Anyone had any luck yet? I figure we need a place to show off our catch. 

Here's mine so far: My first day out I caught a decent bass at the local lake on a tiny spinner. Those things never fail!

I was out last Friday on the Potomac below Great Falls and caught 2 shad and 2 rockfish, no pics though. The bigger rock was about 18''. Small. It was a fine day to fish though.

In the past week I've been out to the Monocacy 3 times and taken 2 catfish. Nothing to write home about but they both made a nice breakfast and dinner. I'm about done with eating cats for the year though, I think the limit is supposed to be 2 per month (eaten) for the rivers around here.


----------



## greendohn (May 3, 2013)

*Great thread*

No pics, sorry. 

I have had some great success on farm ponds, so far.

I've cleaned aprox. 25 bass and 25 bluegill. I've caught and released far more than that, no sense in being greedy!

I've been gathering nightcrawlers from the garden, making ready for some cat fishin'. When it warms up a bit, I'll become a river rat and chase the smallies!


----------



## Matt59 (May 3, 2013)

Once the river I fish in gets a little lower, the smallmouth fishing is amazing.

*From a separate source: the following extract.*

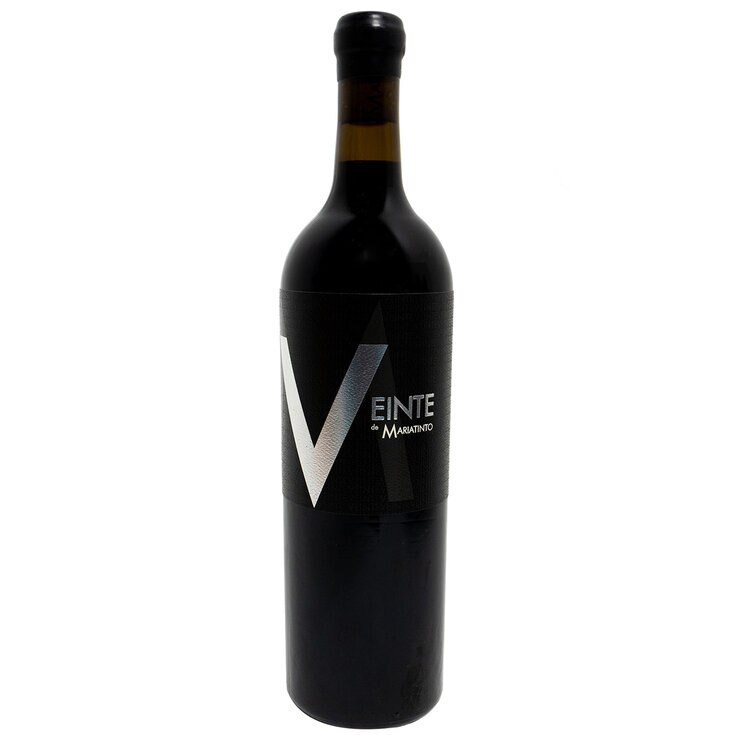 Vino Tinto Veinte de Mariatinto 750 ml — Imagen 1 de 4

I throw on a pair of old shoes and wade it. Spinners and Rebel crawfish crankbaits always work. The stomach of one of the cats I cleaned the other day was full of crayfish, it was pretty neat.


----------



## Matt59 (May 4, 2013)

Here's last night's catch: Nice cat. It's got a cool scar on top of its head. Boat propeller, most likely. Caught this one on chicken gizzard; they seem to stay on the hook better than livers. 
Also had caught a decent bass at the lake before I snagged 2 spinners and a Rebel teeny crawfish and had to go on a resupply mission.


----------



## piroguejoe (May 8, 2013)

View attachment 294241


Got Op?


----------



## Matt59 (May 8, 2013)

Haha yeah I think you got me. Yours looks like it would eat mine for breakfast, lunch, and dinner. Wish they grew that big in my neck of the woods!


----------



## piroguejoe (May 8, 2013)

She was a touch over 60lbs. Girth was out of this world.


----------



## Matt59 (May 8, 2013)

Thats a helluva cat. Give you a good fight?


----------



## piroguejoe (May 8, 2013)

Good fight! Caught on 30lb test in pretty good current. Nerves were shot till we got hands on her. We lost one a couple years ago on the red river that was considerably bigger and hook pulled about 3 ft from gettin hands on it.


----------



## Toyboy (May 8, 2013)

Our lakes here up north are still ice covered. Maybe in another week or so they'll open up so we can get the boat in.


----------



## Matt59 (May 8, 2013)

Toyboy said:


> Our lakes here up north are still ice covered. Maybe in another week or so they'll open up so we can get the boat in.



Wow. We've had decent weather for a month but it still hasn't gotten warm enough to trigger the spawn. Bass down here are usually guarding their beds by mid April but so far I haven't even seen any.


----------



## Toyboy (May 8, 2013)

Well, a week ago today it started snowing and didn't quit until late the next day. When it was done we had 17" It's been the winter from hell up this way and I'm sure we'll never see spring. We'll probably jump right into summer some day.


----------